### TASK TO CARRY OUT
With the pictures left out, retype exactly the lines below starting at the line that contains "Cartoon character made" and ending at the line that contains "Reptile Carpet Cuttable".

Crawled caption data

•••••

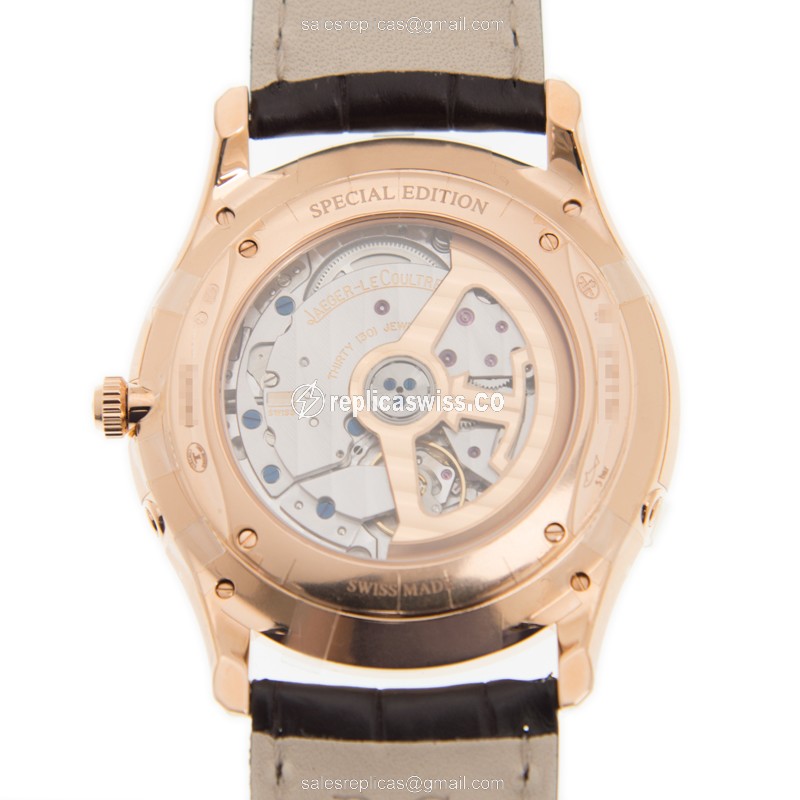 Jaeger-Lecoultre Q136255J Replica - Ultra Thin - Automatic - 18kt Rose Gold - Black Dial - Brown Alligator Strap - View 3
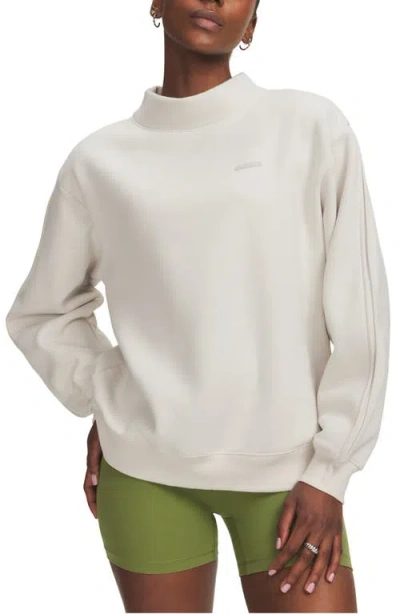 Under Armour Icon Sama Fleece Mock Neck Sweatshirt In Summit White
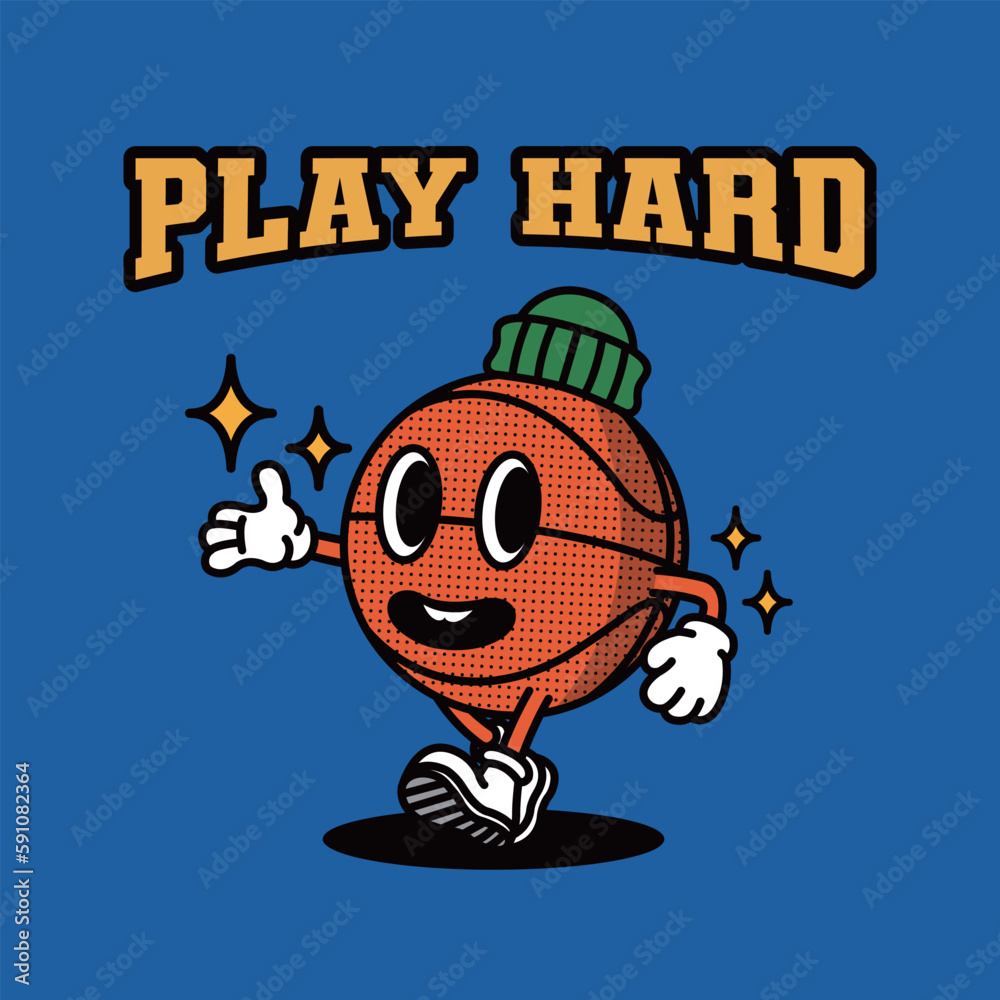Cartoon character made of basketball. Characters suitable for various designs such as sports-related basketball team logos, symbols, cartoons, and characters.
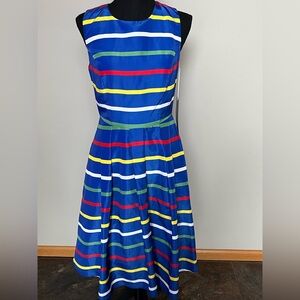 New HBC Stripes preppy sleeveless blue stripe pleated flair skirt dress. Size 4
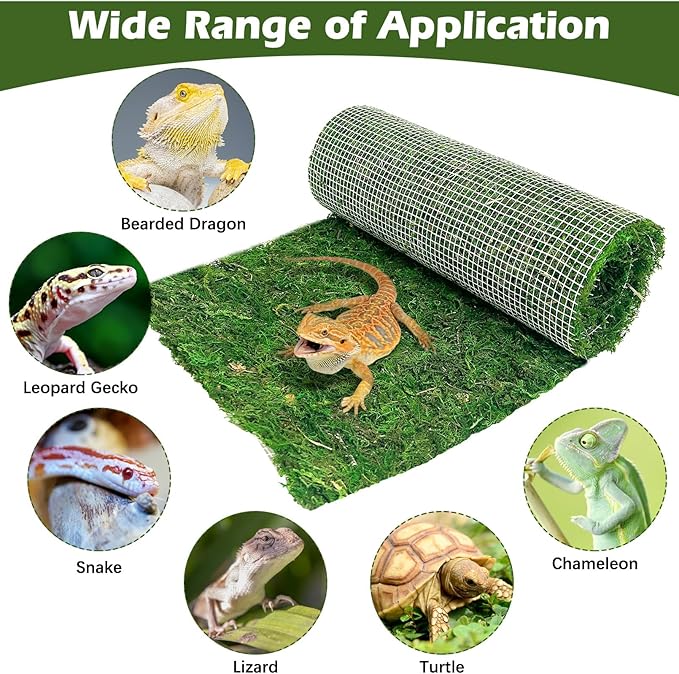 Reptile Carpet Cuttable Terrarium Mat Artificial Moss Reptile Liner Green Substrate Flooring Bearded Dragon Tank Accessories for Leopard Gecko Lizard Snake Tortoise (11.81" x 39.37")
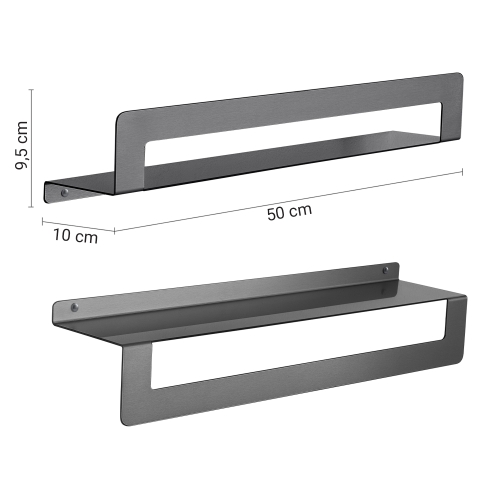 Sapho CLEO 50 cm polc/törölközőtartó, gun metal 2019815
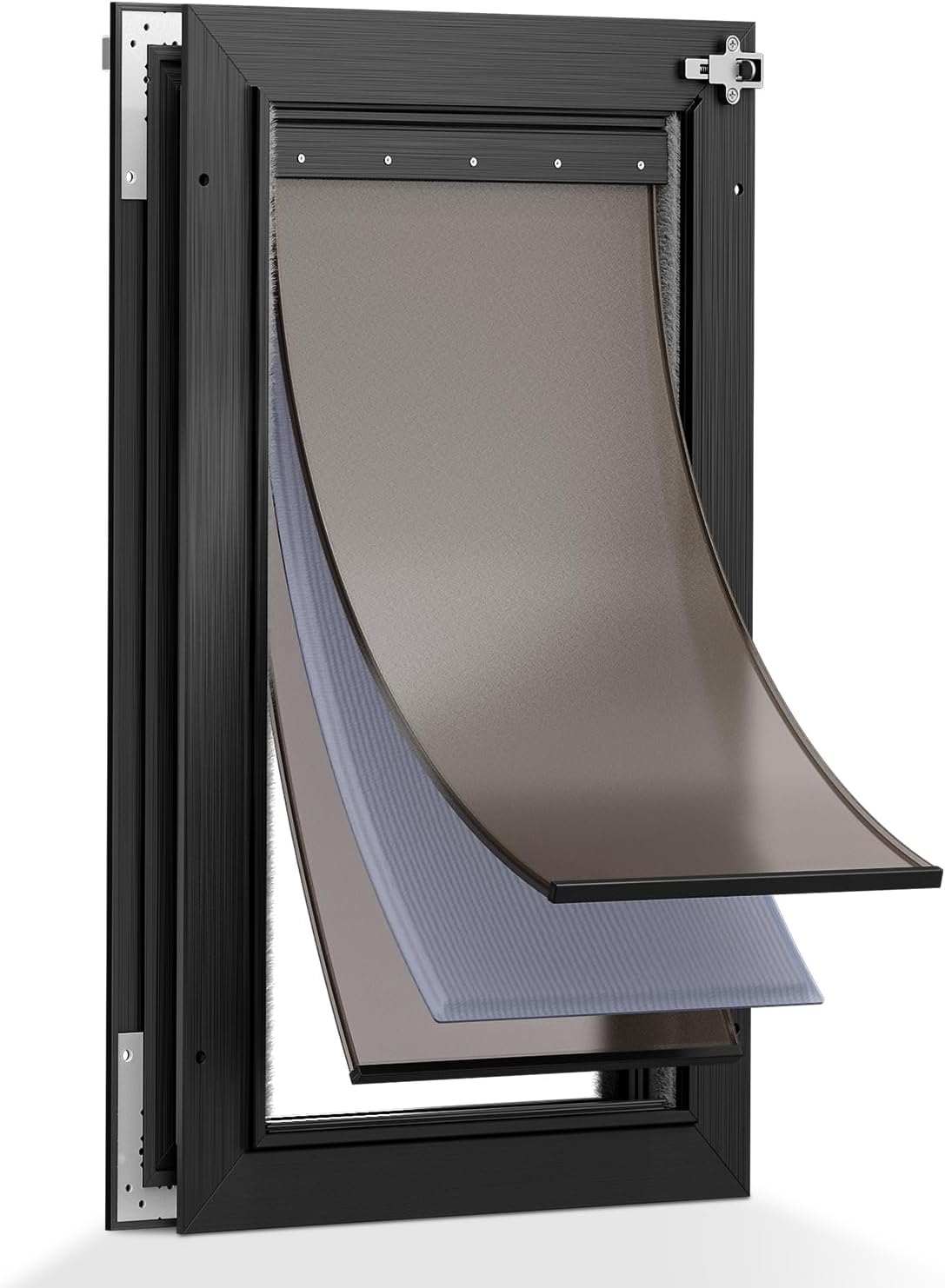 3-Flaps Dog Door for Door, All Aluminum Large Dog Doggy Doggie Door, Heavy Duty Pet Door for Dogs with Insulation Flap, Telescoping Tunnel, Sliding Closing Panel, for Pets Up to 110lb, Black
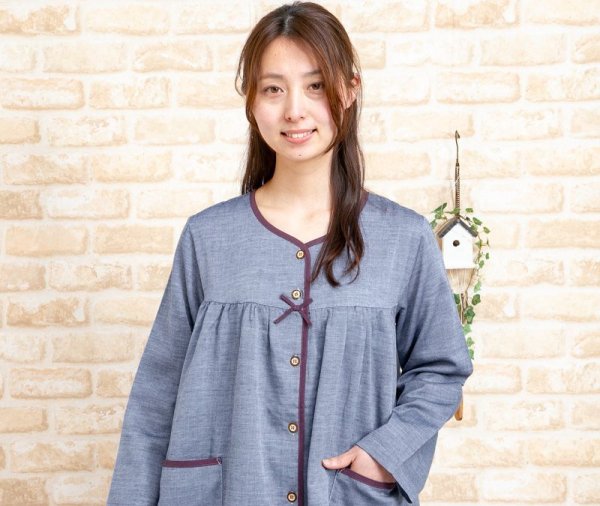 画像13: 肌にやさしい綿100％ダブルガーゼ地 パジャマ レディース 長袖 前開き S/M/L/LL/3L/4L 入院準備   春初秋向き　ナイトウェア　ルームウェア (13)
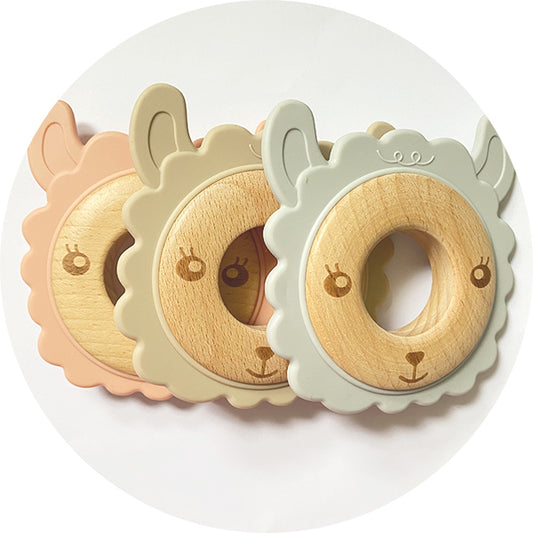 Silicone & Wooden Sheep Teether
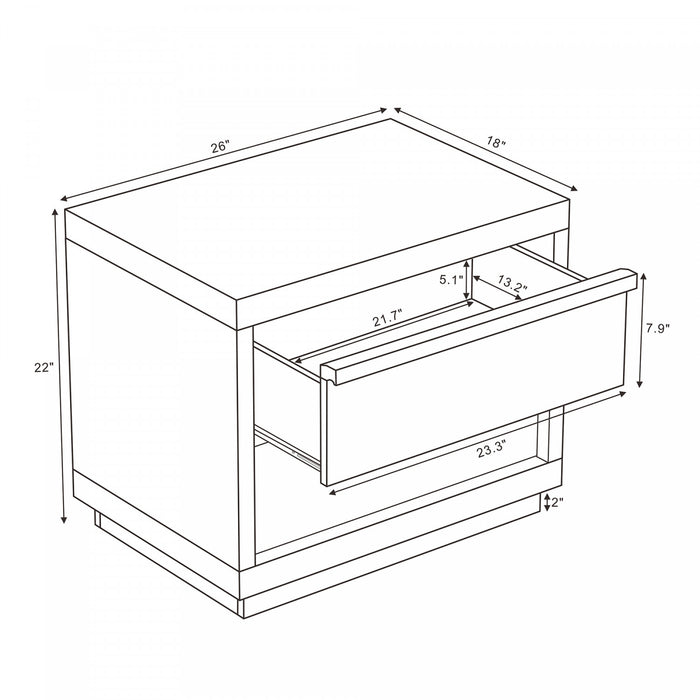 Table de nuit contemporaine Navis 66 cm en chene blanchi (2 tiroirs)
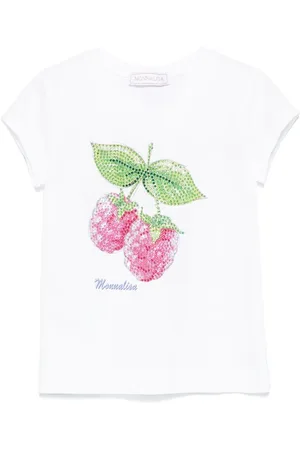 MONNALISA T-shirt bianca con stampa lampone con strass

•••••

### ANSWER BOX
Cartoon character made of basketball. Characters suitable for various designs such as sports-related basketball team logos, symbols, cartoons, and characters.
 New HBC Stripes preppy sleeveless blue stripe pleated flair skirt dress. Size 4
 Reptile Carpet Cuttable Terrarium Mat Artificial Moss Reptile Liner Green Substrate Flooring Bearded Dragon Tank Accessories for Leopard Gecko Lizard Snake Tortoise (11.81" x 39.37")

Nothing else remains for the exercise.